## WHAT TO WORK ON
Starting with the line that contains "carpeted office space", copy each line exactly through the end of the listing, and omit all pictures.
**** GIVEN INFORMATION ****
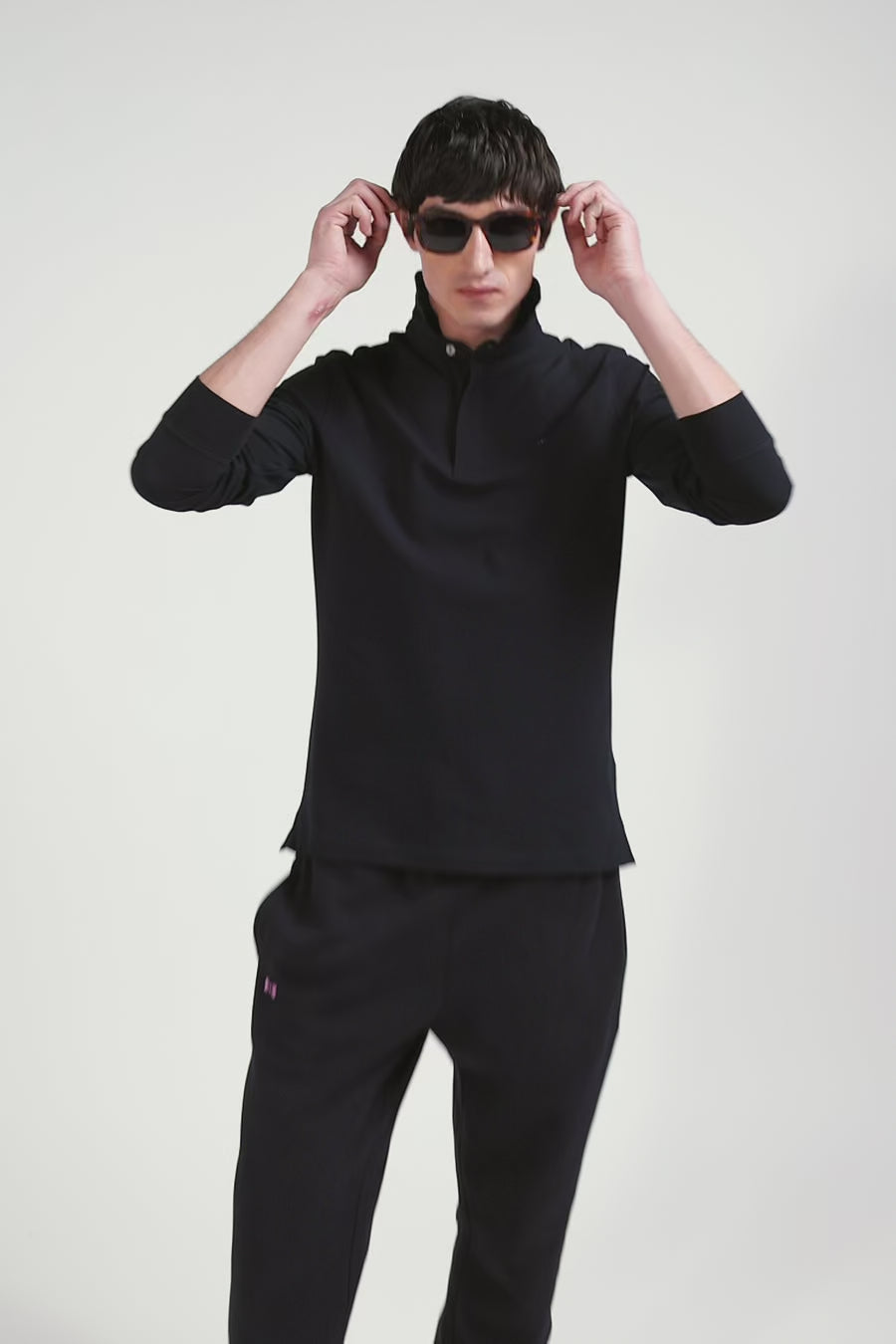 Slim black long-sleeved cotton piqué polo shirt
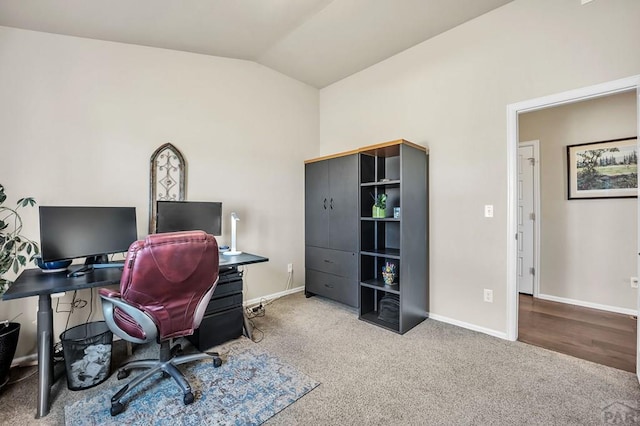 carpeted office space with lofted ceiling and baseboards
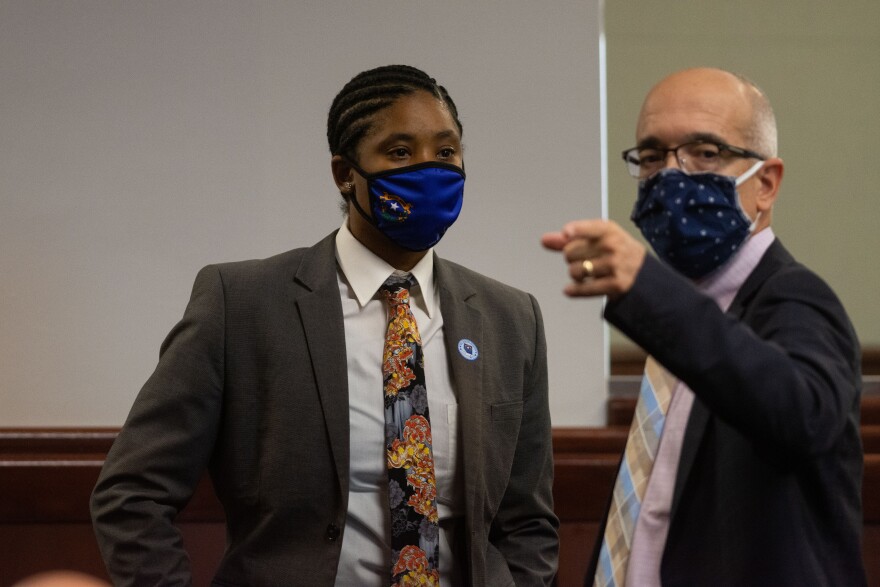 A woman and a man in masks and suits stand next to each other. The man, who is on the right, is pointing at something out of view.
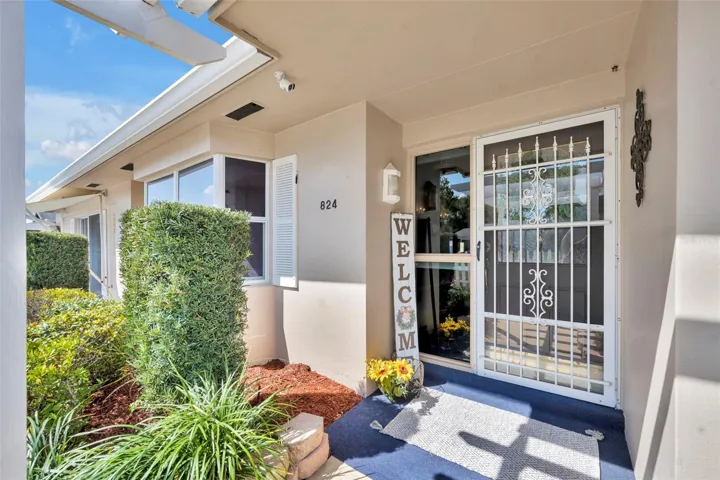 AWE! WELCOME TO YOUR HOME! 5.3 x 4.6 newly carpeted front covered porch.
****
## REPLY TO THE TASK
 carpeted office space with lofted ceiling and baseboards
 A woman and a man in masks and suits stand next to each other. The man, who is on the right, is pointing at something out of view.
 AWE! WELCOME TO YOUR HOME! 5.3 x 4.6 newly carpeted front covered porch.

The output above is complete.